The POA first applied in April for permits from the state Department of Health and Environmental Control and the Army Corps of Engineers to place offshore sand on nearly a mile of beach. That was opposed by property owners in Inlet Point and Inlet Point South who said they didn’t want to pay hundreds of thousands of dollars in assessments for a project that would primarily benefit owners in the Peninsula, which was developed on property in a federally-protected coastal barrier.
The estimated cost of the project, for up to 700,000 cubic yards of sand, was $12 million.
In July, the Peninsula POA changed its permit application to allow up to 400,000 cubic yards of sand to be trucked to the beach over two or three years. That was estimated to cost about $8 million and would exclude the beach in front of Inlet Point South.
The revised permit drew hundreds of letters in opposition, many focused on the impact of the truck traffic on the roads and quality of life in the beachfront community. The work was estimated to require between 100 and 150 truck trips a day over three months.
While Traynum said the state Department of Transportation said the roads and the bridge on Litchfield Drive could handle the traffic, Coastal Science was concerned that the permit would be appealed.
The latest project will place offshore sand on the 2,700 feet of beachfront at the Peninsula. The POA is asking for a 10-year permit to allow for additional offshore sand to be used to repair storm damage.
In order to reduce the cost of the project, the POA wants to be able to dredge in the spring and summer.

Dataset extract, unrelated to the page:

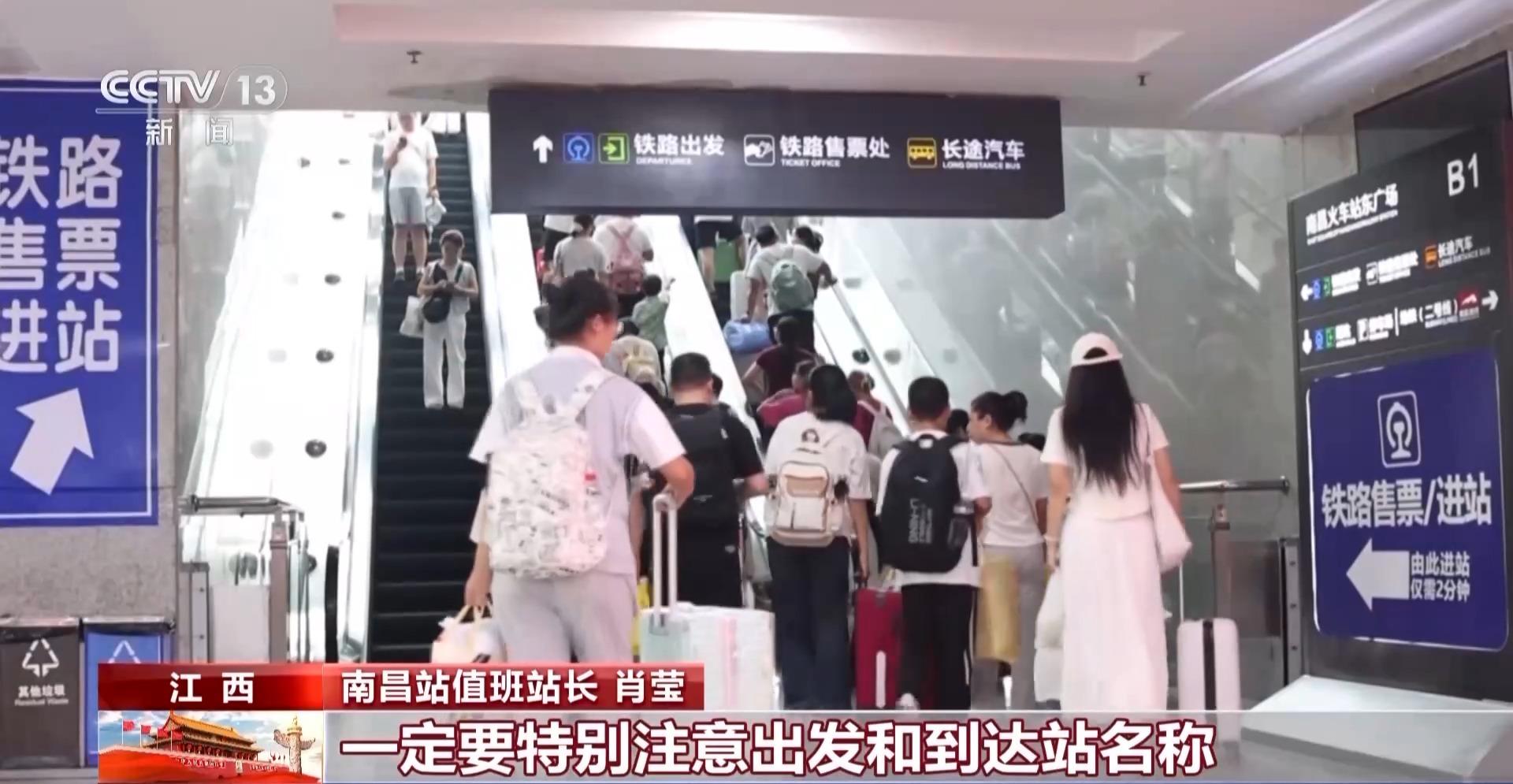 返程高峯遇“一城多站”要注意！小心因一字之差跑錯車站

Dredging is usually restricted to avoid sea turtle nesting season, which runs from May through October.
The wider dredging window means more contractors will be available to bid on the project and there is less likelihood work will be delayed by bad weather, Traynum said.
He doesn’t expect the project will impact the sea turtles.

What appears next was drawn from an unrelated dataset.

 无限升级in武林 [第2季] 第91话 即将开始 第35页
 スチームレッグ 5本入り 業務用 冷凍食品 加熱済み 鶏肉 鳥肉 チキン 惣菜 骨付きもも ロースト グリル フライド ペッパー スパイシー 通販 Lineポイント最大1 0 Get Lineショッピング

“That area of the beach doesn’t get a lot of turtle activity anyway,” Traynum said. “In its current condition, it has zero nesting habitat.”
Since the dredging will take place around the clock for six to eight weeks, the main concern will be keeping lights from the project from disrupting turtles on adjacent beaches, he said.

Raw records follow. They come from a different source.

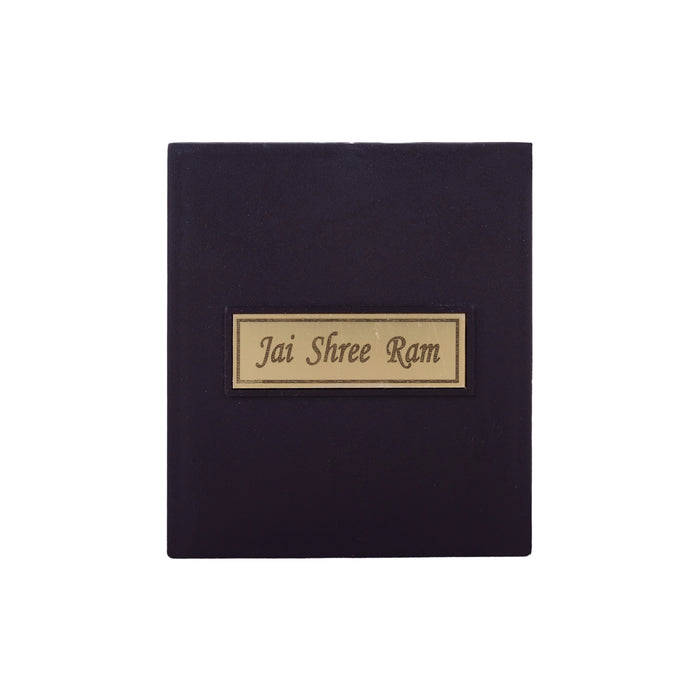 Ram Darbar Murti Design Pooja Box- 1.5 X 3.5 Inches | Charan Paduka Box/Puja Box For Devotional Gifting & Prayer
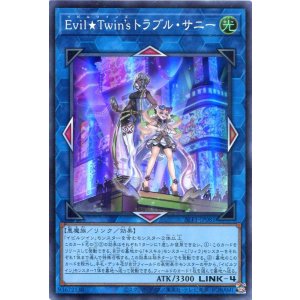 画像: Ｅｖｉｌ★Ｔｗｉｎ’ｓ トラブル・サニー SLF1-JP081（スーパーレア）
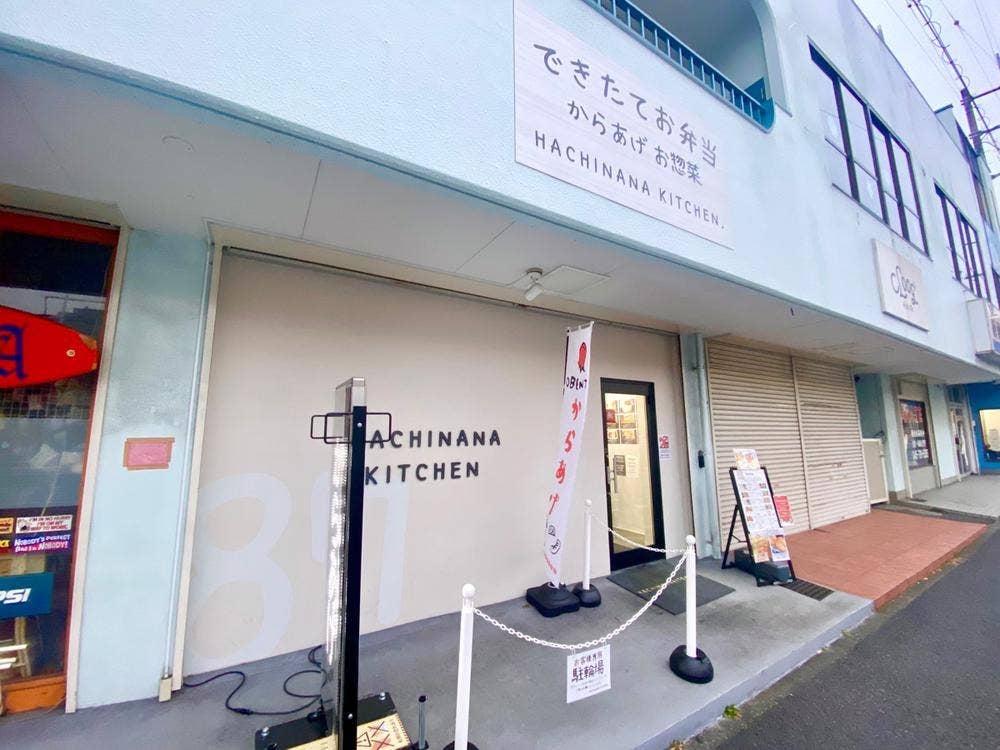 HACHINANA KITCHEN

In addition to creating a beach that will have 200 feet of dry sand at high tide, the project proposes to create a dune up to 15 feet high in front of the houses, according to the permit application.
“I’m not sure we will go that high,” Traynum said. “We wanted to get to the height of the walkovers.”
Two other concerns raised about the first two versions of the project were the quality of the sand and the potential for the new sand to wash into Midway Inlet and Clubhouse Creek.
The offshore borrow area, about 3 miles northeast of Litchfield Beach, contains better sand than the site used for renourishment at Pawleys Island earlier this year, Traynum said.
The Pawleys sand had about 25 percent shell content. The Litchfield borrow area has about 7 percent shell content.
“That material looks a lot more like the native sand than was put over on Pawleys,” he said.
The evidence from the Pawleys Island renourishment also shows that the additional sand won’t end up in the creek at Litchfield, Traynum said.
At the south end of Pawleys, the beach grew in front of the spit during the six months after sand was added to the north. Even with Hurricane Isaias in August, there was no sign that the sand washed over the spit, he said.
A concern shared by property owners at Pawleys Island and Litchfield is the silt clogging the creeks. Coastal Science looked at the sand in Clubhouse Creek as part of the Peninsula project.
Even if permits could be obtained, the creek contains only about 80,000 cubic yards of sand, Traynum said.
Comments on the revised permit application can be made online at epermweb.dhec.sc.gov.